Gündüzleri evde zamanımın bir kısmını çalışarak geçiriyorum ama asıl geceleri benim oluyor. Herkes uyuduktan sonra-takribi 12 civarı- ev sessizleşiyor. Ne tv sesi, ne insan sesi. Sadece mevsime inat sürekli yağan yağmurun kokusu ve camdan gelen serinlikle çalışıyorum. Uykum gelse de zorluyorum kendimi. Çünkü seviyorum gece çalışmayı. 3 gibi yatıyorum.



Sabah Çınar kahvaltısını yaparken ben uyuyor oluyorum ama kendimi suçlu da hissediyorum. Sanki Çınar'ı başkasına emanet edip keyif yapıyormuşum gibi hissediyorum. Ama bakıcı ablamız ile evde beraber olmak her zaman ele geçmez. Ben de 2 senenin acısını çıkartıyorum. Bahanem de var: Napıyım gece çalışıyorum :))

Çınar bu aralar kartlı oyunlarla vakit geçirmekten çok hoşlanıyor. Özellikle eşleştirme kartlarıyla aynı nesne resimlerini eşleştiriyoruz. Hayvanlarla yavrularını eşleştirme kartlarımız, ilişkili nesne kartlarını birleştirme oyunlarımız vaktimizin çoğunu alıyor.

Bir de Lego Duplo serisinin Construction Site ürününü çok sevdi. Takıyor, çıkarıyor, insan figürlerini konuşturuyor, inşaat yapıyor.
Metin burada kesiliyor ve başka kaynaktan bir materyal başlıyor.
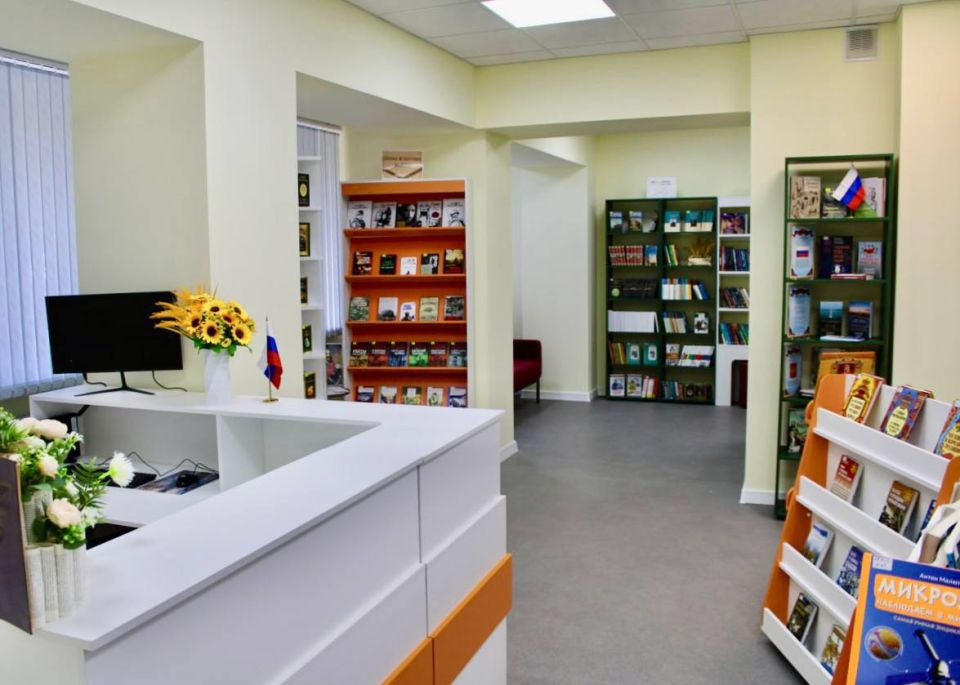 ������ �������: � �������� ��������� ������� ��������� ���������� ����������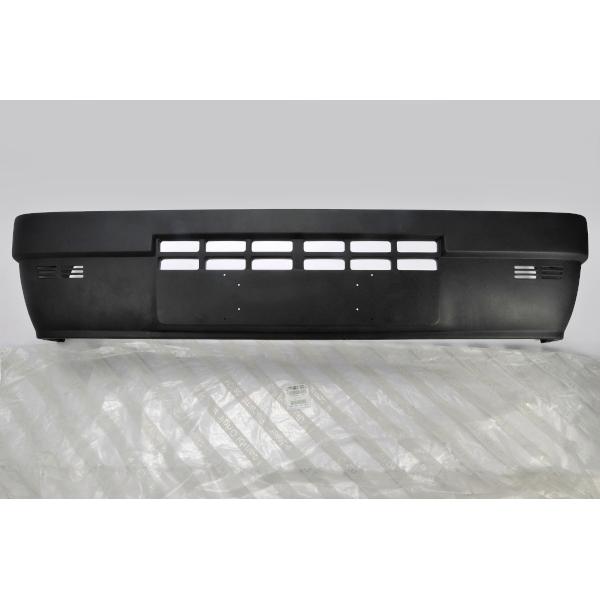 FIAT（フィアット） 純正 パンダ E-141A2 FIAT PANDA 141型 1100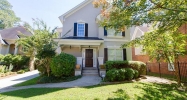 1107 Childers Court Ne Atlanta, GA 30324 - Image 15187285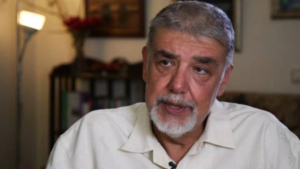 Atilla Yeşilada uyardı: Çok sert düşecek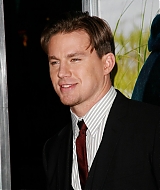 567.jpg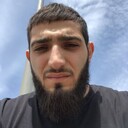 ���������� ������, ���� ������� ������, 28 ���, ������������ ��� ������, ����� � ���������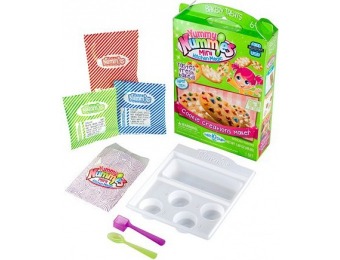 70% off Yummy Nummies Bakery Treats Cookie Creations Maker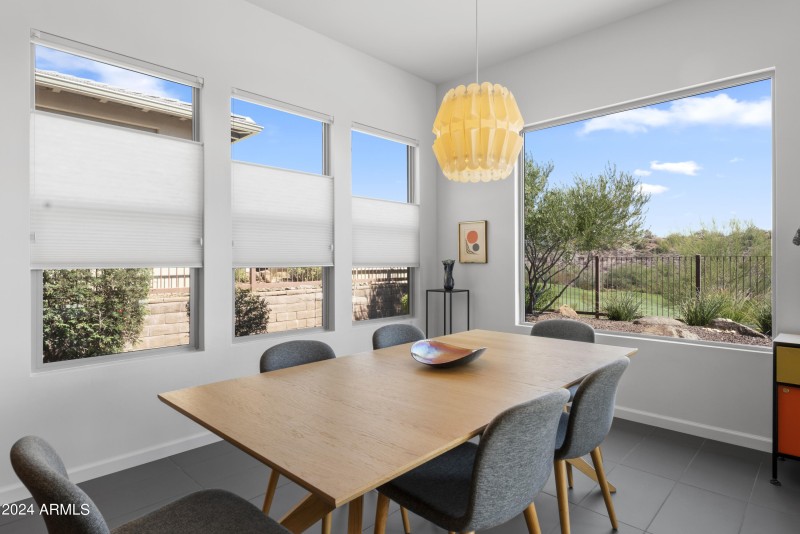 3198 Rising Sun Ridge00035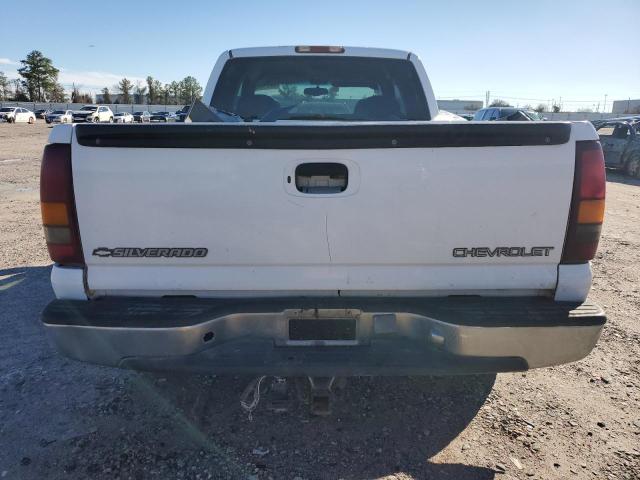 Photo 6 from auction – 2000 CHEVROLET SILVERADO with VIN 1GCEK19T1YE275877
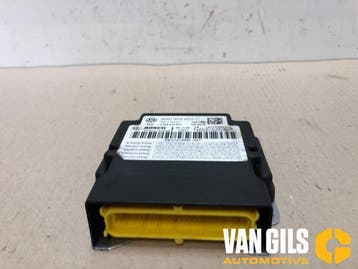 Airbag Module Seat Ibiza O237277, Nieuw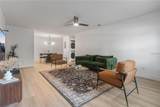 4768 Tangerine Avenue - Photo 6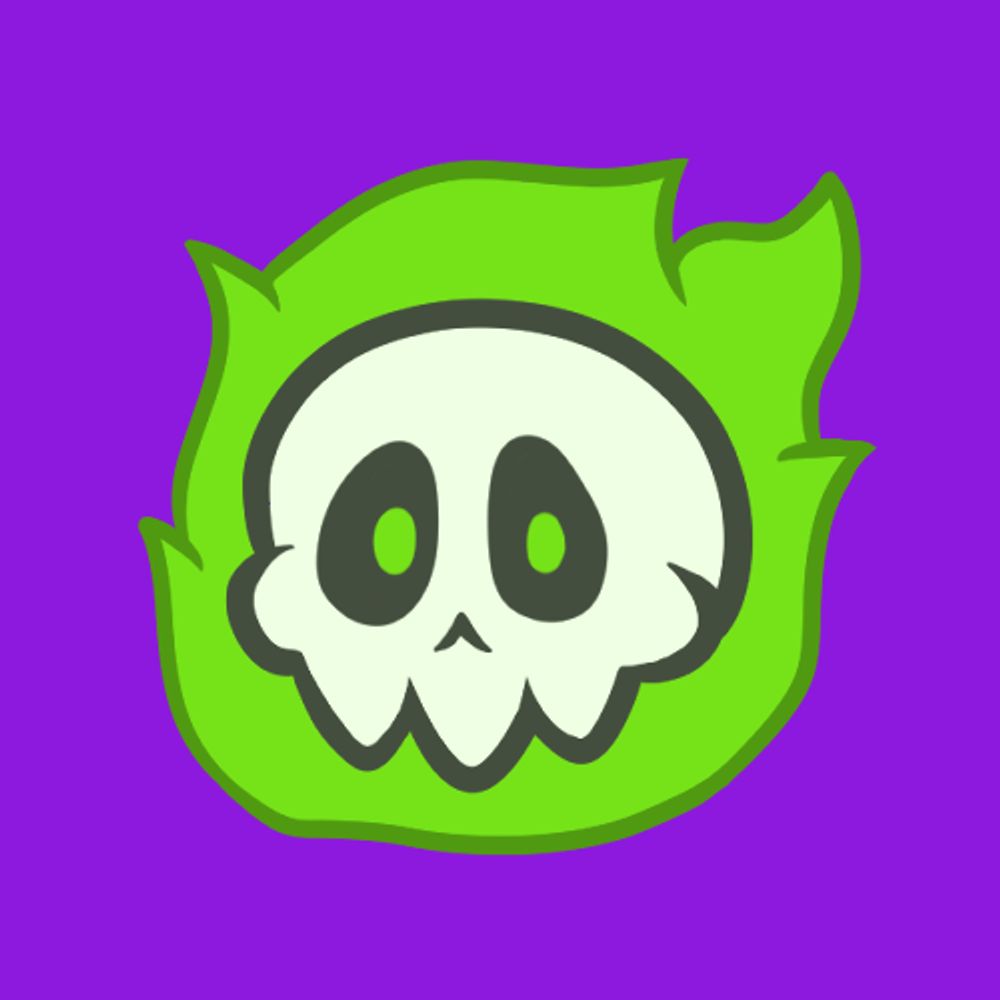 Scormac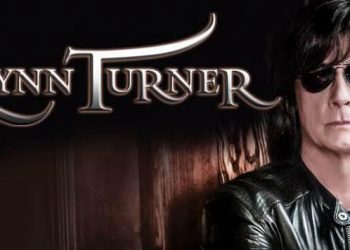 Joe Lynn Turner, l’artista chiarisce la sua posizione sui Sunstorm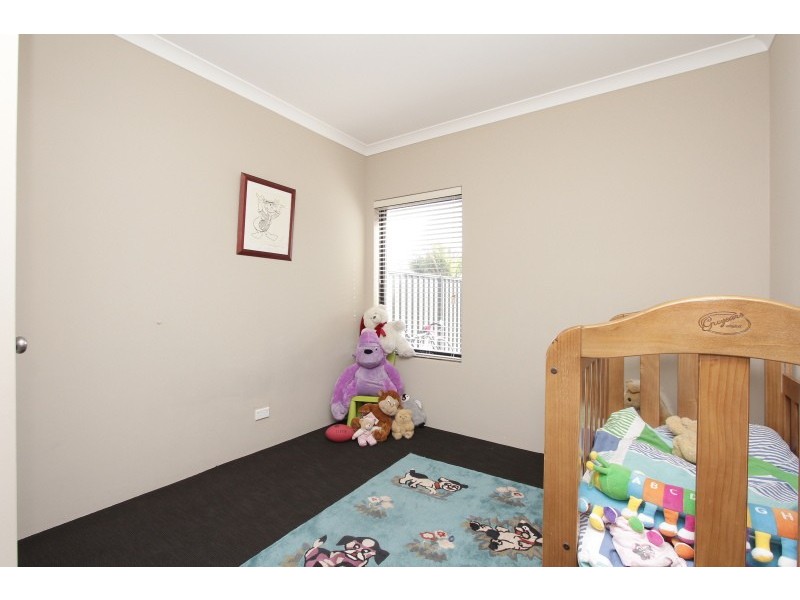 127A Pola Street, Dianella WA 6059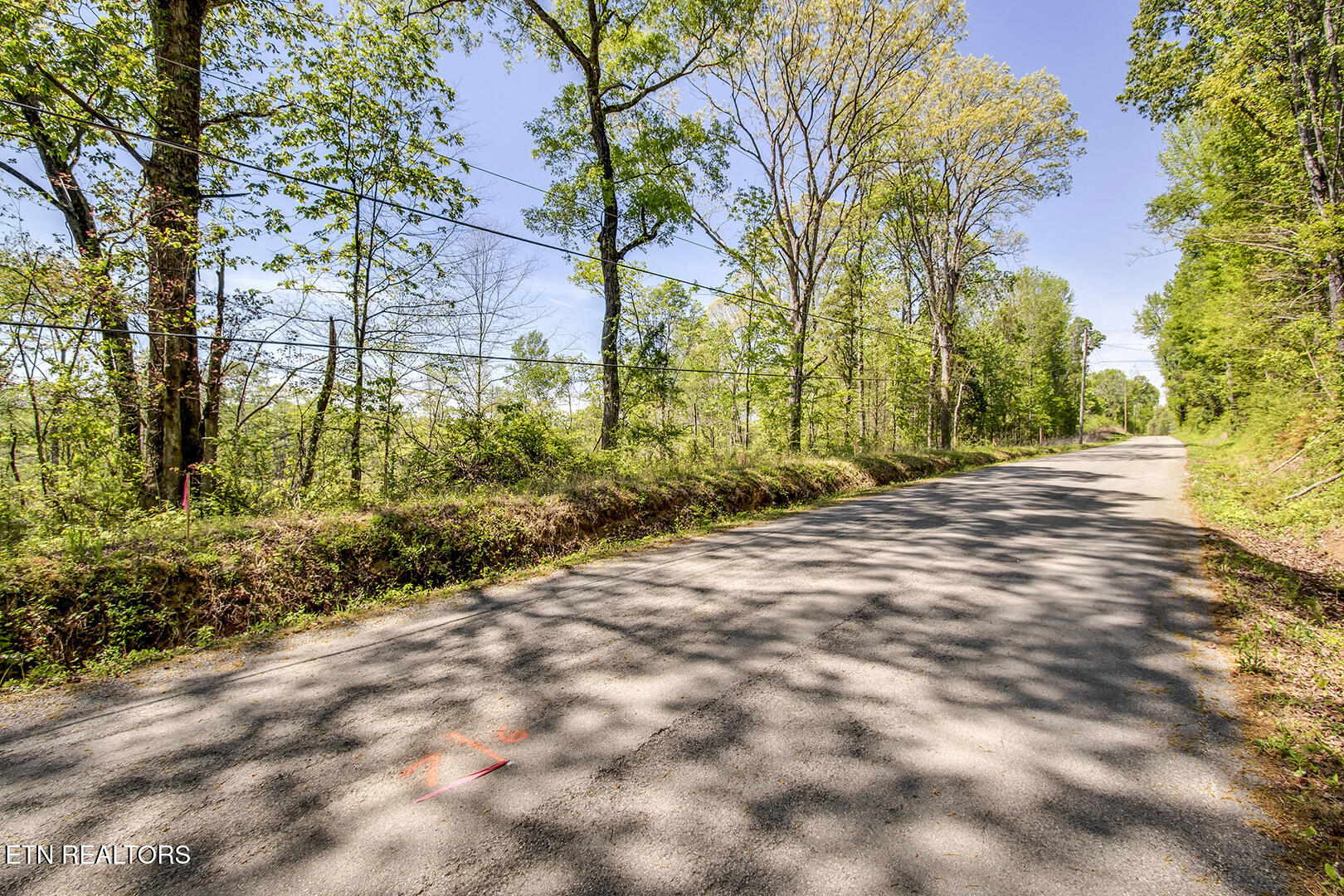 555 Oak Grove Road Decatur TN 37322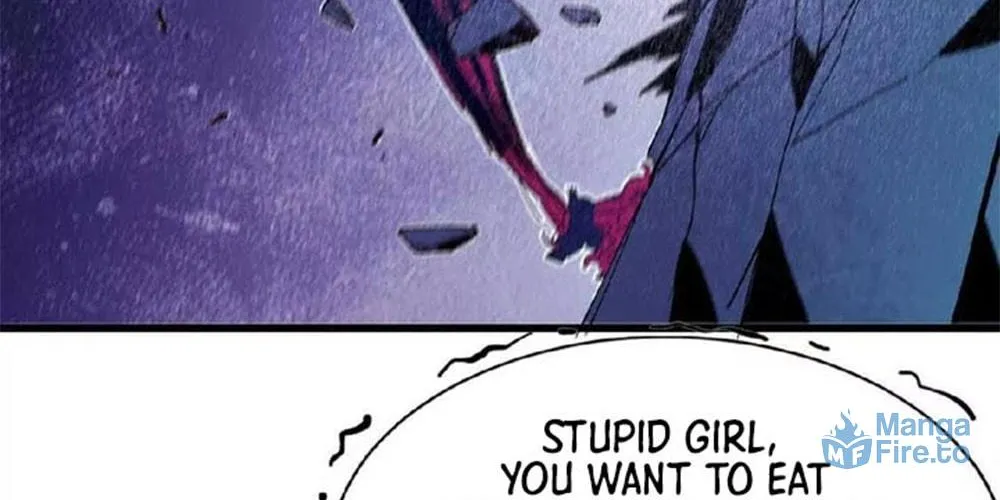 Hero X Demon Empress Chapter 37 page 30 - 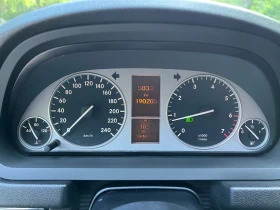 Mercedes-Benz B 170 B170* АВТОМАТ* EURO4* - 6900 лв. - 64904686 11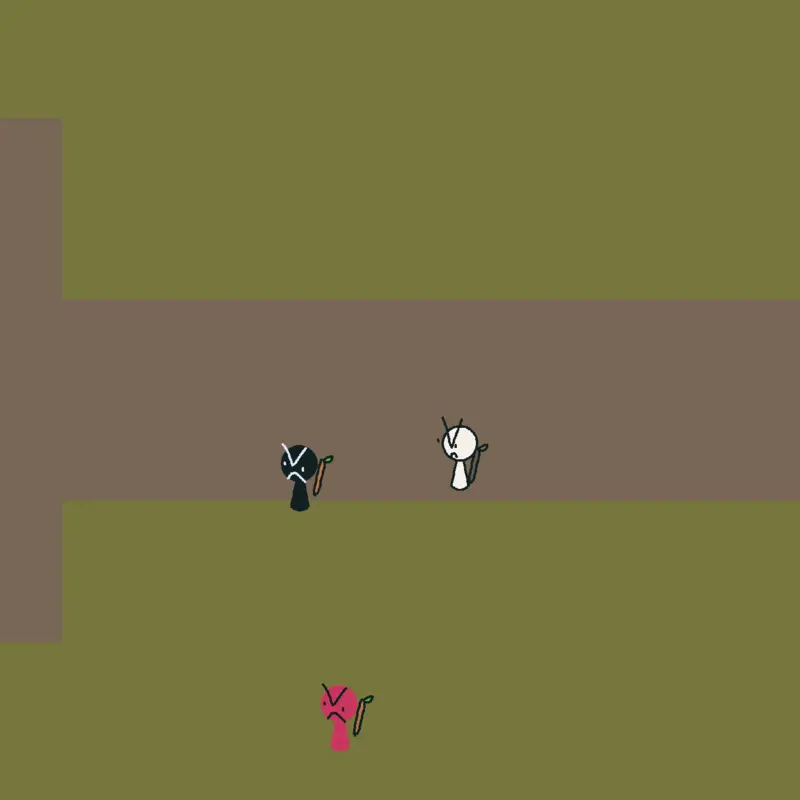 Game by @wortus188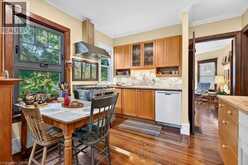 526 BURLINGTON Avenue | Burlington Ontario | Slide Image Fifteen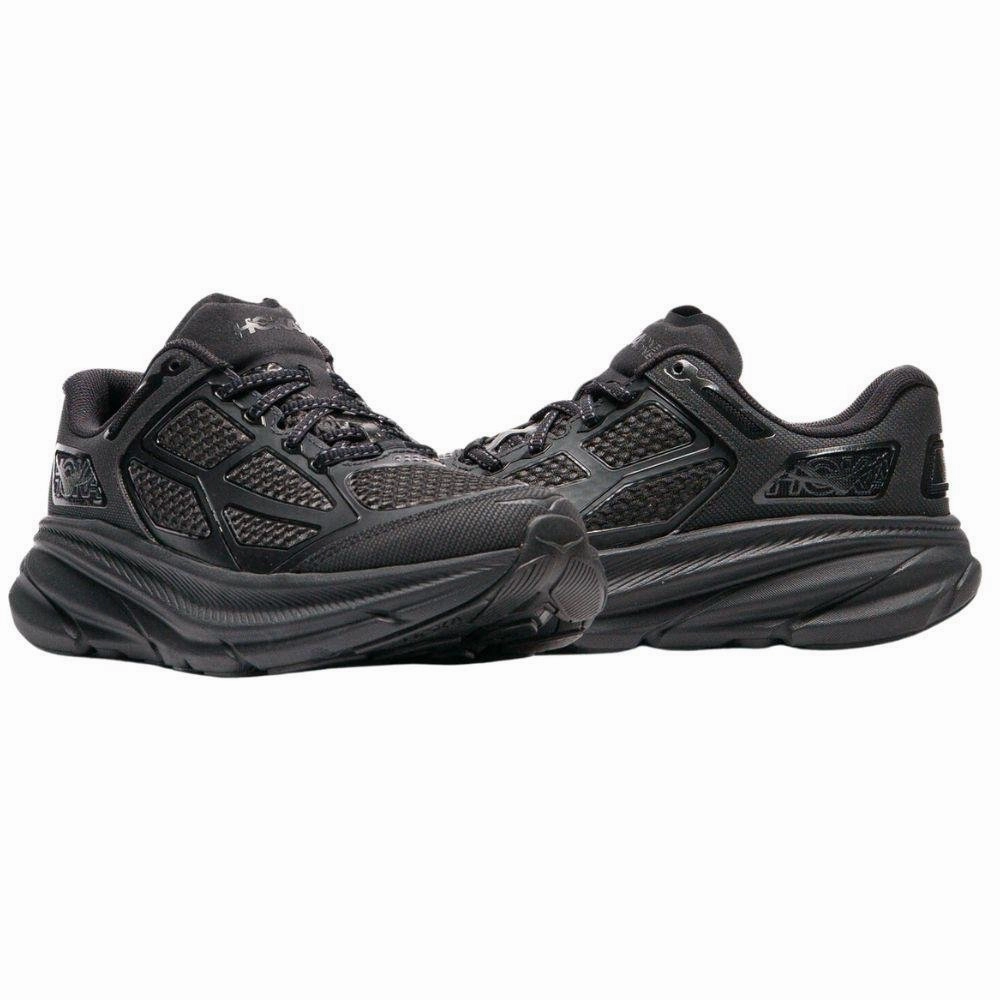 HOKA CLIFTON ONE9 ??????????????????????????????????????????? Soft Chic
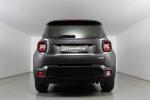 jeep-renegade-2017-diesel-1598cc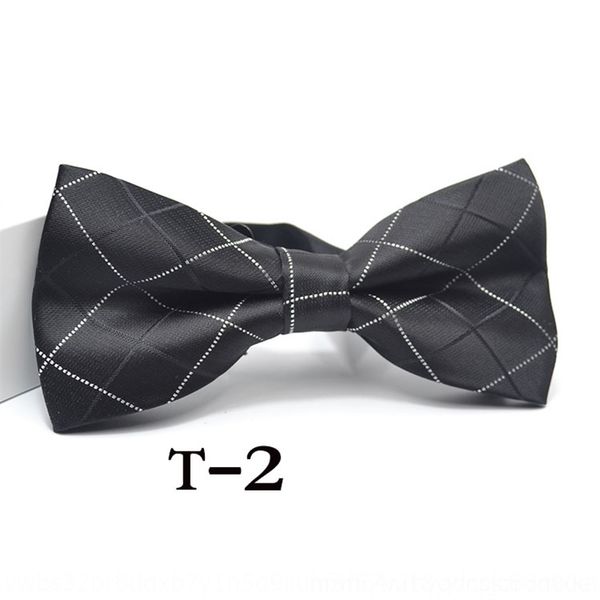 je5 men's business formal bridegroom best bow ties jacquardwomen jacquard man emcee bow tie, Black;gray
je5 men's business formal bridegroom best bow ties jacquardwomen jacquard man emcee bow tie, Black;gray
Bazen bizimle, bazen yalnız başına takılıyor.

Bunların dışında şu linkteki renk eşleştirme kartlarını indirdim laminasyon yaptırdım. Sadece eşleştirme yapıyoruz ama isimlerini vermiyorum henüz. Bir tek kırmızıyı biliyor zaten. Onu da ben öğretmedim; kendi kendine öğrenmiş. Şimdilik 3-4 ay daha renk öğretmeyi düşünmüyorum.


Dün hem Çınar hem benim için bol misafirli ve eğlenceli bir gün oldu. Akşam iş çıkışı Burcu Arda'yı kapıp geldi. Bol bol zıpladılar, kikirdediler. Arada kavga ettiler, sonra unutup tekrar oynadılar. Bir ara sakin sakin masada resim yaptılar. Tam o gitti diye üzülürken 10 dk sonra bir baktık Sibel kapıda kucağında Emre'yle. Ne güzzeeell. Çınar sevinçten coştu.


Genelde lego oynadılar. Arabalarına çivilerden park yapıp, park ettiler. Birbirlerine patlamış mısır yedirdiler :))) Aslında Çınar yedirdi. Çünkü hala 12,5 tan 15 (şu anda tek azı ve 2 köpek dişi patlıyor) çıktığı için mısır sert geliyor prens beye. Çok nazikiz çok.



Çalışacak,okuyacak o kadar çok şey varken, evdeyken evle ilgili yapmak istediğim pek çok şey varken, bol bol fotoğraf çekmek isterken ve bir de Çınarişkomla gezmek, eğlenmek, oynamak isterken nerden başlayacağımı bilemiyorum.
Aşk-Memnu finalinin ardından ufak bir değişiklikle noktalıyorum.
Sermin kaçar!

23 Haziran 2010 Çarşamba

"Çocuğun yediği helal, giydiği haram"mış!!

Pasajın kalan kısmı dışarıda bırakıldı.